A House of Representatives committee has urged parliament to begin a far reaching inquiry into cyber safety, cultural, policy and literacy issues for Indigenous Australians.
According to the committee, an inquiry could inform future policy and direction relating to cyber safety issues which affect Indigenous communities.
The report by the Joint Select Committee on Cyber Safety found that cyber bullying via mobile phones is affecting both urban and rural Indigenous Australians.
Cyber bullying can relate to an ongoing family or language group conflict which could impact a whole community, the report said.
"Many Indigenous Australians have low levels of digital literacy skills and therefore they lack the ability to use the Internet themselves or to supervise their children online," read the report.
"In remote Indigenous communities, cultural, language and access barriers exacerbate this rift, meaning mobile enabled youth may be more vulnerable to cyber bullying and other emergent online threats as mobile access is improved."
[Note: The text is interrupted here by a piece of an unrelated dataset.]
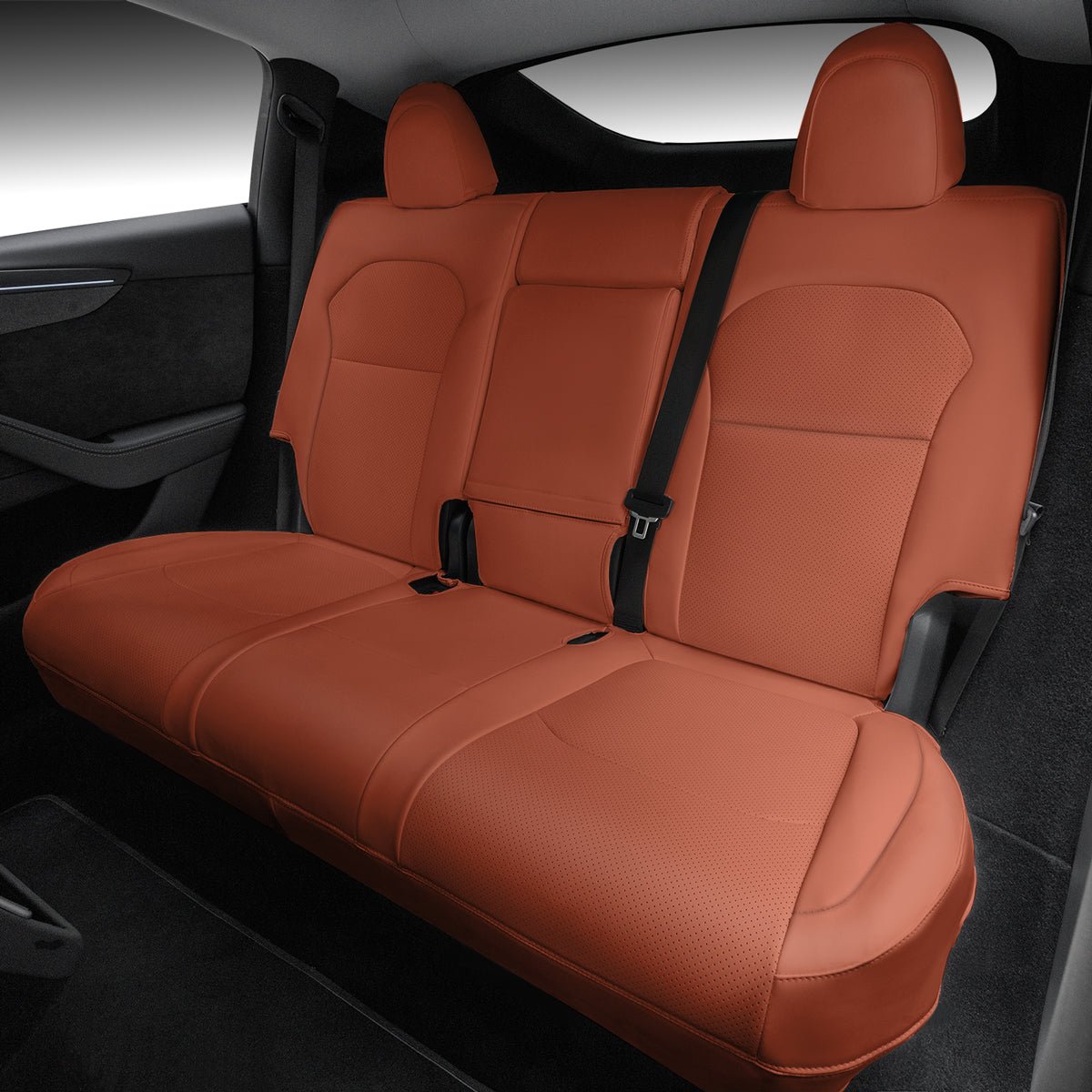 All-Inclusive Seat Cover for New Tesla Model Y Juniper Premium 2025+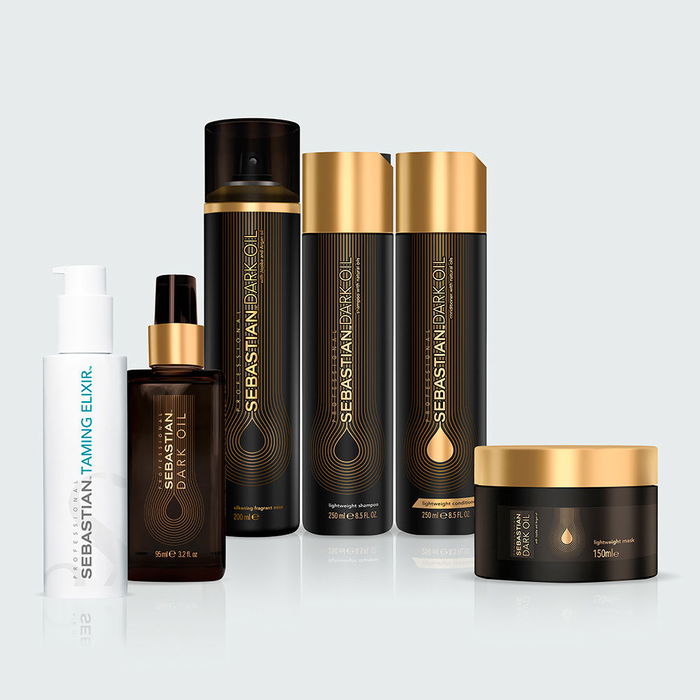 Sebastian Professionals Taming Elixir Sérum-Crème Anti-Frisottis 140 ml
It suggested that providing information to parents and older community members abut mobile phone and social networking usage may help to establish engagement between older and younger generations.
The committee also found that users in some remote areas had been targeted by scammers asking for an advance fee before providing a product or service. According to an Australian Competition and Consumer Commission report, advance fee/up-front payment fraud was the most common type of fraud reported by Australians in 2012, making up 32 per cent of recorded scams.
Members of the committee visited two indigenous schools in Brisbane to discuss cyber bullying with students and teachers in May as part of its inquiry which began in March 2013.
The AFP has also run education sessions with indigenous elders as part of the ThinkUKnow program which aims to educate children, parents, carers and teachers about the risks faced online.